Si è passati da una gestione centralizzata, figlia dell'Unità, ad una gestione che decentra le funzioni di
tutta la materia sulla difesa del suolo e, più in particolare, di questi servizi, creando un rapporto non ben
definito tra le leggi precedenti, che hanno governato e tuttora ampiamente governano la materia, e le
leggi moderne, che spesso si aggiungono alle prime, senza che si sia provveduto ad un razionale
raccordo tra di esse.

Un riferimento storicamente importante è il Regio Decreto 25 luglio 1904, n. 523 (Testo unico delle
disposizioni di Legge sulle opere idrauliche), che distingue le opere idrauliche, relative alle acque pubbliche, in
cinque categorie e all'art. 33 istituisce il servizio di Sorveglianza idraulica, elencando al Capo VII, artt.
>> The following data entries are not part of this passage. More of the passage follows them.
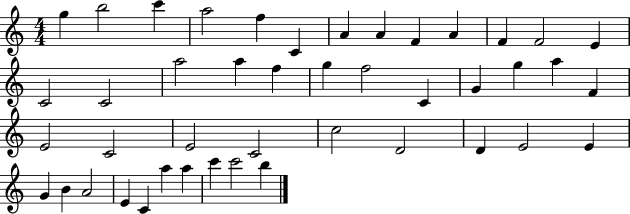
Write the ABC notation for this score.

X:1
T:Untitled
M:4/4
L:1/4
K:C
g b2 c' a2 f C A A F A F F2 E C2 C2 a2 a f g f2 C G g a F E2 C2 E2 C2 c2 D2 D E2 E G B A2 E C a a c' c'2 b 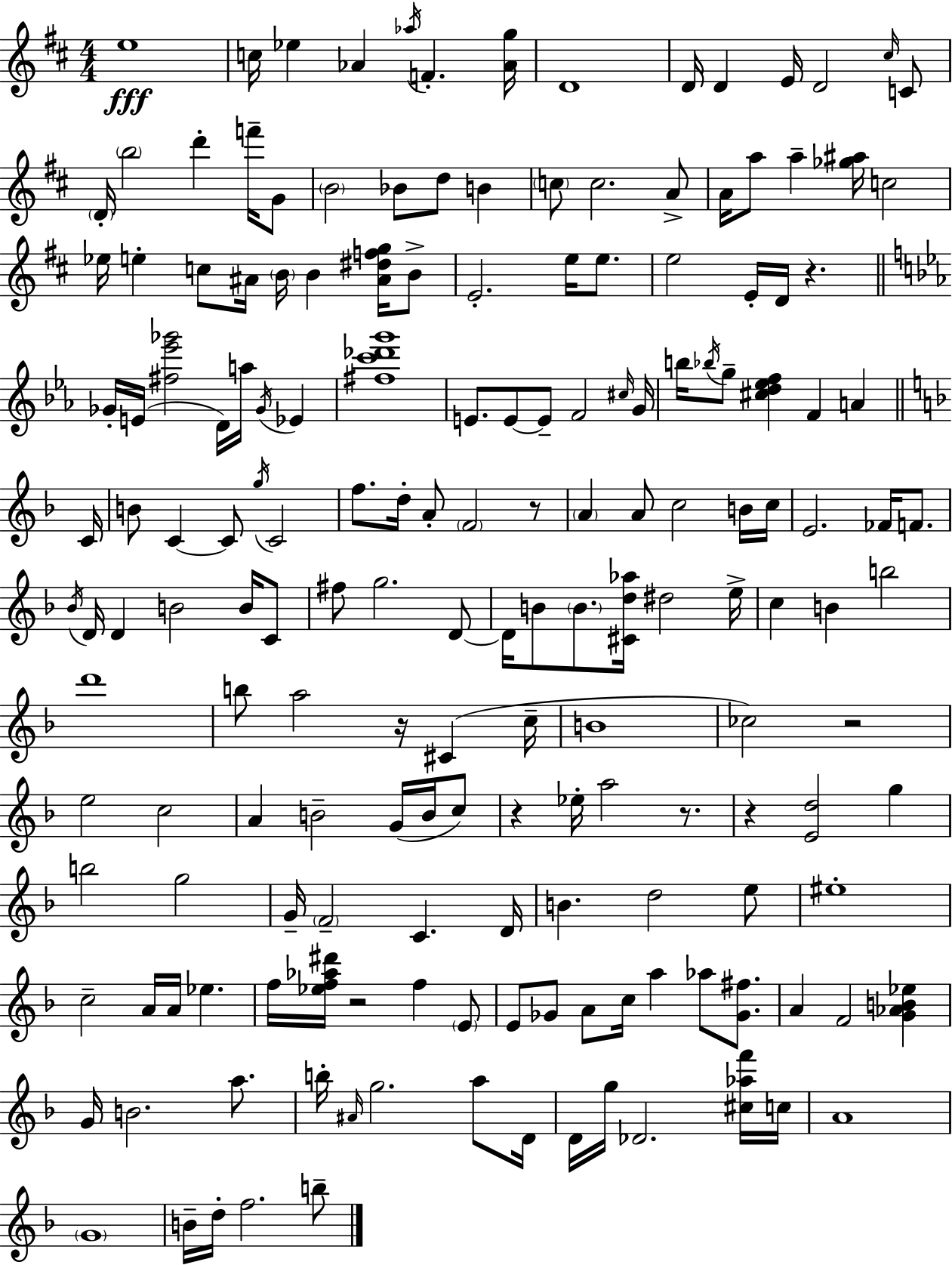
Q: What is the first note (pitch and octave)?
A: E5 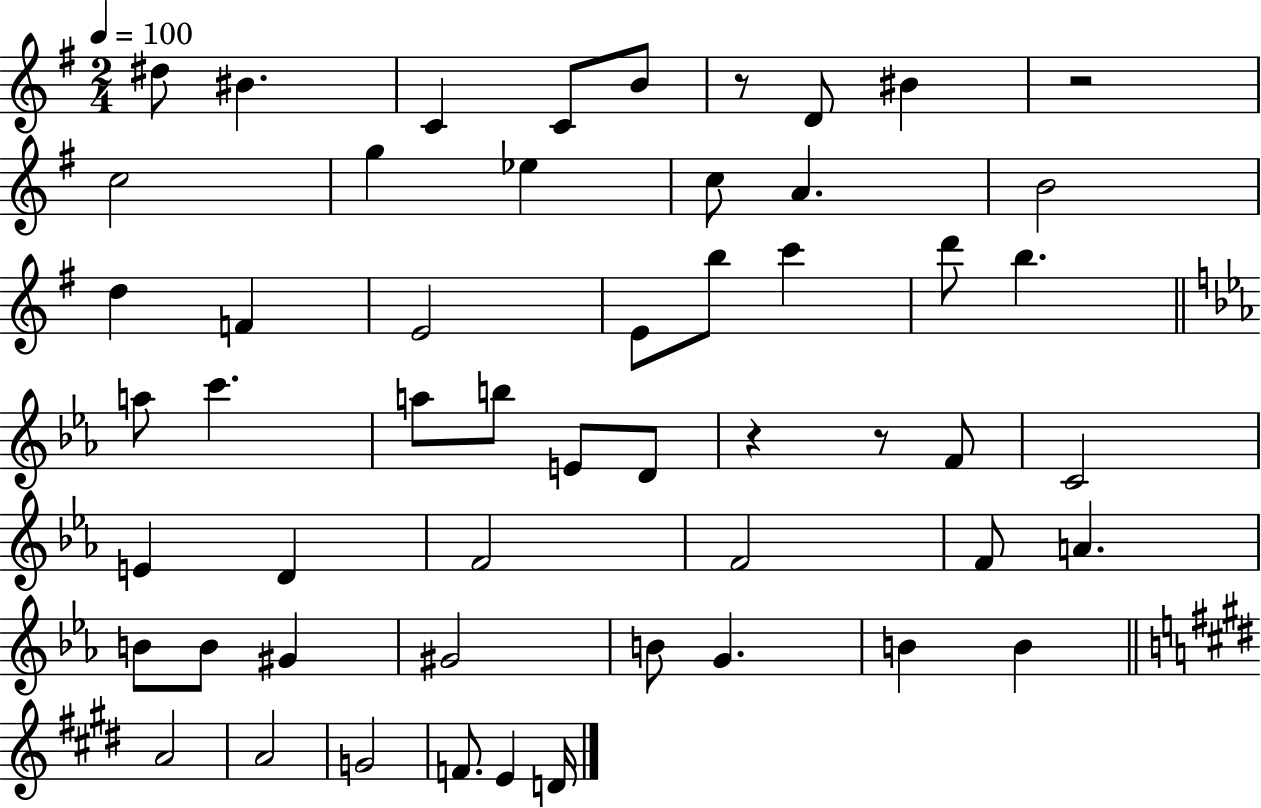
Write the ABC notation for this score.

X:1
T:Untitled
M:2/4
L:1/4
K:G
^d/2 ^B C C/2 B/2 z/2 D/2 ^B z2 c2 g _e c/2 A B2 d F E2 E/2 b/2 c' d'/2 b a/2 c' a/2 b/2 E/2 D/2 z z/2 F/2 C2 E D F2 F2 F/2 A B/2 B/2 ^G ^G2 B/2 G B B A2 A2 G2 F/2 E D/4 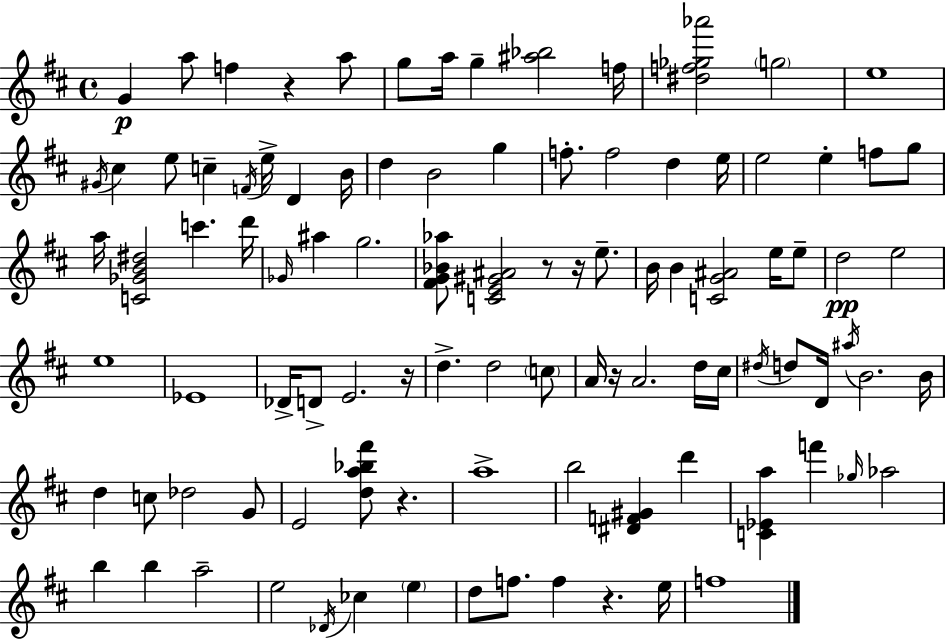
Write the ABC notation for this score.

X:1
T:Untitled
M:4/4
L:1/4
K:D
G a/2 f z a/2 g/2 a/4 g [^a_b]2 f/4 [^df_g_a']2 g2 e4 ^G/4 ^c e/2 c F/4 e/4 D B/4 d B2 g f/2 f2 d e/4 e2 e f/2 g/2 a/4 [C_GB^d]2 c' d'/4 _G/4 ^a g2 [^FG_B_a]/2 [CE^G^A]2 z/2 z/4 e/2 B/4 B [CG^A]2 e/4 e/2 d2 e2 e4 _E4 _D/4 D/2 E2 z/4 d d2 c/2 A/4 z/4 A2 d/4 ^c/4 ^d/4 d/2 D/4 ^a/4 B2 B/4 d c/2 _d2 G/2 E2 [da_b^f']/2 z a4 b2 [^DF^G] d' [C_Ea] f' _g/4 _a2 b b a2 e2 _D/4 _c e d/2 f/2 f z e/4 f4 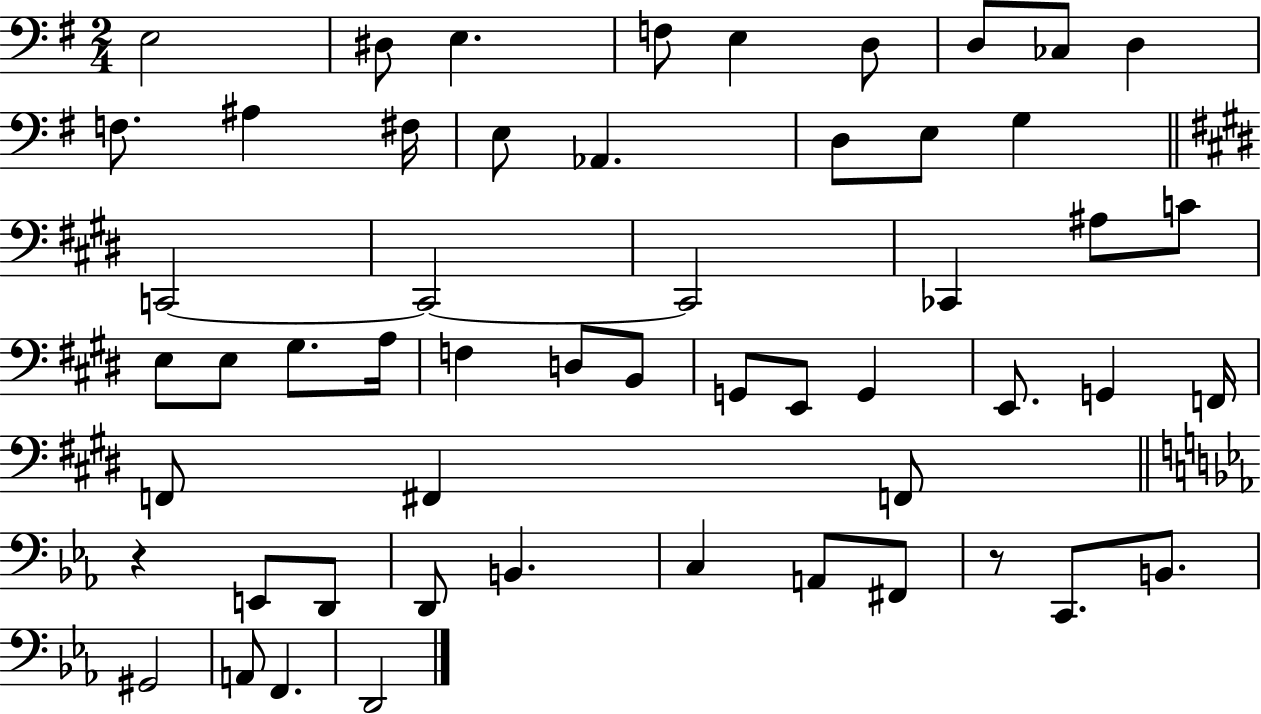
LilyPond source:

{
  \clef bass
  \numericTimeSignature
  \time 2/4
  \key g \major
  e2 | dis8 e4. | f8 e4 d8 | d8 ces8 d4 | \break f8. ais4 fis16 | e8 aes,4. | d8 e8 g4 | \bar "||" \break \key e \major c,2~~ | c,2~~ | c,2 | ces,4 ais8 c'8 | \break e8 e8 gis8. a16 | f4 d8 b,8 | g,8 e,8 g,4 | e,8. g,4 f,16 | \break f,8 fis,4 f,8 | \bar "||" \break \key ees \major r4 e,8 d,8 | d,8 b,4. | c4 a,8 fis,8 | r8 c,8. b,8. | \break gis,2 | a,8 f,4. | d,2 | \bar "|."
} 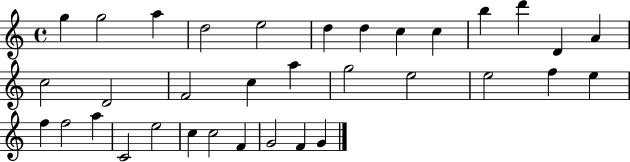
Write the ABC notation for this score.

X:1
T:Untitled
M:4/4
L:1/4
K:C
g g2 a d2 e2 d d c c b d' D A c2 D2 F2 c a g2 e2 e2 f e f f2 a C2 e2 c c2 F G2 F G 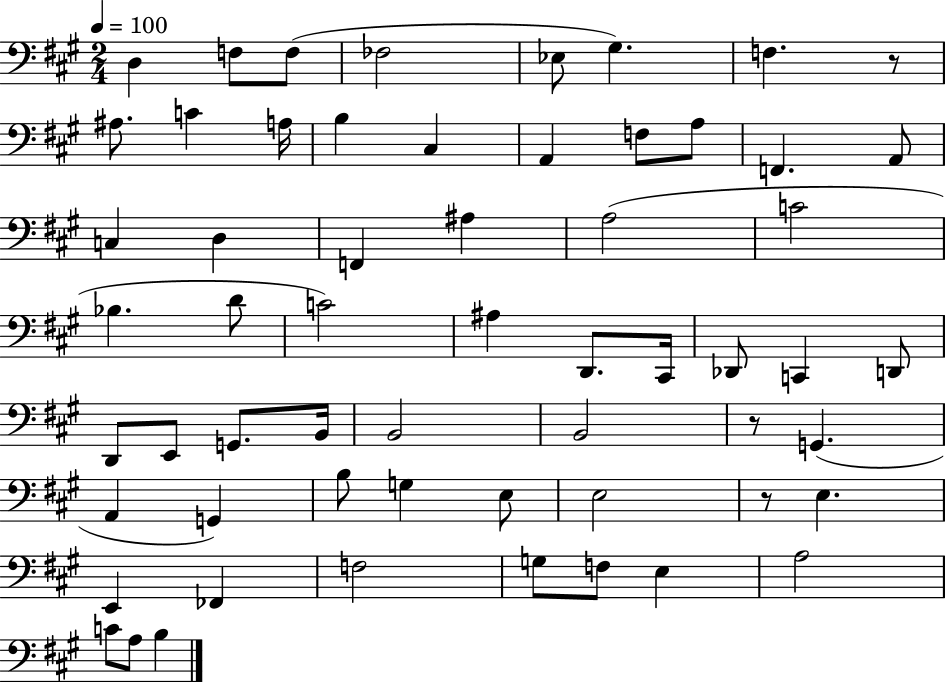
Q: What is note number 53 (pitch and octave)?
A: A3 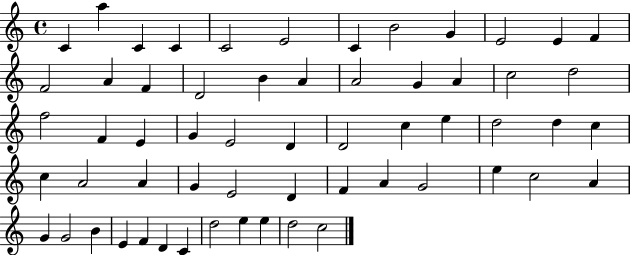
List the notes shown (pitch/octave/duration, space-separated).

C4/q A5/q C4/q C4/q C4/h E4/h C4/q B4/h G4/q E4/h E4/q F4/q F4/h A4/q F4/q D4/h B4/q A4/q A4/h G4/q A4/q C5/h D5/h F5/h F4/q E4/q G4/q E4/h D4/q D4/h C5/q E5/q D5/h D5/q C5/q C5/q A4/h A4/q G4/q E4/h D4/q F4/q A4/q G4/h E5/q C5/h A4/q G4/q G4/h B4/q E4/q F4/q D4/q C4/q D5/h E5/q E5/q D5/h C5/h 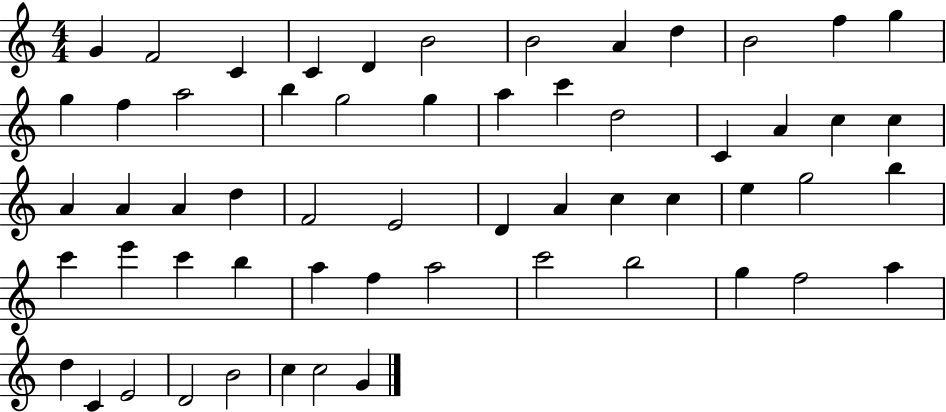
G4/q F4/h C4/q C4/q D4/q B4/h B4/h A4/q D5/q B4/h F5/q G5/q G5/q F5/q A5/h B5/q G5/h G5/q A5/q C6/q D5/h C4/q A4/q C5/q C5/q A4/q A4/q A4/q D5/q F4/h E4/h D4/q A4/q C5/q C5/q E5/q G5/h B5/q C6/q E6/q C6/q B5/q A5/q F5/q A5/h C6/h B5/h G5/q F5/h A5/q D5/q C4/q E4/h D4/h B4/h C5/q C5/h G4/q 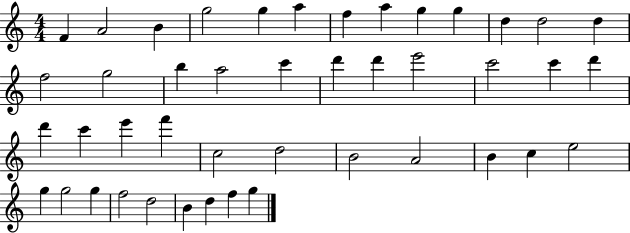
X:1
T:Untitled
M:4/4
L:1/4
K:C
F A2 B g2 g a f a g g d d2 d f2 g2 b a2 c' d' d' e'2 c'2 c' d' d' c' e' f' c2 d2 B2 A2 B c e2 g g2 g f2 d2 B d f g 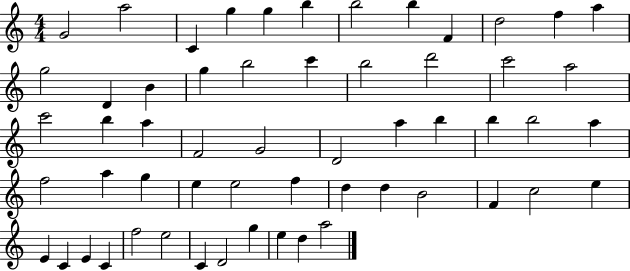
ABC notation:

X:1
T:Untitled
M:4/4
L:1/4
K:C
G2 a2 C g g b b2 b F d2 f a g2 D B g b2 c' b2 d'2 c'2 a2 c'2 b a F2 G2 D2 a b b b2 a f2 a g e e2 f d d B2 F c2 e E C E C f2 e2 C D2 g e d a2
96 e 97, le azioni e le opere assolutamente vietate e quelle concesse all'interno delle aree demaniali, ai
fini dell'espletamento del servizio di Polizia idraulica, che è dunque inteso come un insieme di norme o
regole di comportamento, da osservare in prossimità degli alvei e del demanio idrico in genere, e
sull'utilizzo di questi da parte di terzi.

Nella normativa che regola il servizio di Vigilanza e Sorveglianza, il servizio di Polizia idraulica e il
servizio di Piena, trova collocazione il R.D. 9 dicembre 1937, n. 2669 (Regolamento sulla tutela delle opere
idrauliche di 1a e 2a
categoria e delle opere di bonifica), che dispone che i corsi d'acqua di prima e seconda
categoria siano distinti, mediante decreto ministeriale, in "tronchi di vigilanza" (sottoposti al diretto
controllo degli Ufficiali idraulici) e "tronchi di guardia" (cui sono preposti i Sorveglianti idraulici).
Un momento essenziale, dal punto di vista normativo, è rappresentato sicuramente dall'approvazione
della Legge 18 maggio 1989, n.183 (Norme per il riassetto organizzativo e funzionale della difesa del suolo), che
considera il bacino idrografico come unità di riferimento per la programmazione e la pianificazione.
La Legge ha istituito le Autorità di bacino quali enti cui sono demandate le funzioni relative alla difesa
del suolo, il risanamento delle acque, l'utilizzo e la gestione del patrimonio idrico, la difesa degli aspetti
ambientali, nell'ambito del bacino idrografico.
Per ogni bacino idrografico (regionale, interregionale o di interesse nazionale) dev'essere elaborato il
piano di bacino che assume il ruolo di strumento conoscitivo-normativo e tecnico-operativo che regola
e coordina il complesso delle attività da svolgere nell'ambito del bacino idrografico.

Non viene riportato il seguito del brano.